Research Unit for Variation and Change in English (VARIENG)

Department of English
University of Helsinki

Director: Professor Terttu Nevalainen
tel. +358 9 191 24742
fax +358 9 191 23072
terttu.nevalainen(at)helsinki.fi


The Unit is divided into five teams concentrating on the following areas of research: (1) internal processes of linguistic change, (2) historical sociolinguistics, (3) dialectology and regional variation, (4) text conventions and genre evolution, and (5) pragmatic variability.

The work of the Unit advances on both methodological and theoretical fronts. While its individual research teams aim at producing new syntheses in their given fields, the overall objective of the Unit is to promote a comprehensive approach to language variation and change based on these syntheses.

Between the years 2000 and 2005, the Unit will concentrate on the following three goals:

1. To maintain and further develop its position as an international research and information centre for English corpus studies, with particular focus on historical and regional corpora.

2. To produce syntheses of the special methodological and theoretical issues in the five areas of research mentioned above. These syntheses will contribute to the understanding of the influence of various language-internal and language-external factors affecting the development and present-day variation of the English language.

3. To model language variation and change at a level of generality that that can also benefit the study of languages other than English.

The most widely-known material and methodological tool produced by the Unit so far is the Helsinki Corpus of English Texts, a large structured database of English texts with a time span of a millennium, which is now being used in hundreds of universities and research centres all over the world.

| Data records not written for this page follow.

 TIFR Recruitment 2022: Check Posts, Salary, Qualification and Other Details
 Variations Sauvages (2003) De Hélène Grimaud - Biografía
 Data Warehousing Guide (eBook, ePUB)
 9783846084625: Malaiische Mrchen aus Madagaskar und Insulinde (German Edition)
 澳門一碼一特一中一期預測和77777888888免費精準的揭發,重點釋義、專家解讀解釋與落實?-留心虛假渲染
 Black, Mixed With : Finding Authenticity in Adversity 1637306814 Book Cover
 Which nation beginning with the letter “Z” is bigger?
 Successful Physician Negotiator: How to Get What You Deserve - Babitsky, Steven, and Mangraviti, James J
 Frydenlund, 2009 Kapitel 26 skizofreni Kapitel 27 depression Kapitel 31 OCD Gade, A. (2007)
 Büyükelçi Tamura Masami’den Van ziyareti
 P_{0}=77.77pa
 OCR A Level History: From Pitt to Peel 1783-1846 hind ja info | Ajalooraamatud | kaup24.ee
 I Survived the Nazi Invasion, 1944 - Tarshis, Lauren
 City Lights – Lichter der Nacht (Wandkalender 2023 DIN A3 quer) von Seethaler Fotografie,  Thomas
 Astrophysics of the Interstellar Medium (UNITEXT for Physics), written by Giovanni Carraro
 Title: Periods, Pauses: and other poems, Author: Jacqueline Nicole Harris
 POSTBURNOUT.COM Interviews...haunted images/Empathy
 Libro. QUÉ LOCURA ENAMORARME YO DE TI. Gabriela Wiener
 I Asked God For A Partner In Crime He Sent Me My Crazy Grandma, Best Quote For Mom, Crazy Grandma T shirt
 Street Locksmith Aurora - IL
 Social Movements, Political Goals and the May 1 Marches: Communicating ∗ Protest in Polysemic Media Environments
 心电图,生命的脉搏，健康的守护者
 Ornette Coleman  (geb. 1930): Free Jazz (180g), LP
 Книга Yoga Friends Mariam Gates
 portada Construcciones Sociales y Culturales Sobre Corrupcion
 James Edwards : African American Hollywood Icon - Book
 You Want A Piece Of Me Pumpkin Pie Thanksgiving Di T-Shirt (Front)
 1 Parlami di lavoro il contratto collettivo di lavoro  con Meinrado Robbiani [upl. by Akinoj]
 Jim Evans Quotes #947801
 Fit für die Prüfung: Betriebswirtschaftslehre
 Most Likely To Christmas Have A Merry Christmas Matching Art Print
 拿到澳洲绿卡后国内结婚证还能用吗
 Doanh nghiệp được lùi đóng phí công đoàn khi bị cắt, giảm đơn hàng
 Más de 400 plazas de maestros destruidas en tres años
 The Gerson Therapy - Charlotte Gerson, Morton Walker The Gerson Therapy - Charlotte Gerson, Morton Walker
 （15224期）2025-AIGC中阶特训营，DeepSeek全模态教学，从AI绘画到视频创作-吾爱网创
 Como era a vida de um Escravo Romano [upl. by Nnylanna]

In the 1990s, other comprehensive electronic corpora were produced by the research projects on "Sociolinguistics and language history", "Older Scots" and "Scientific thought styles". They include the Corpus of Older Scots, which is the only historical corpus of Scottish English in the world now completed, and the Corpus of Early English Correspondence, which is the most extensive historical letter corpus in English. A number of other English-language corpora are also in preparation.

The personnel of the Unit consists of eighteen scholars, fifteen collaborating scholars from other universities, sixteen postgraduate students and fifteen undergraduate research assistants.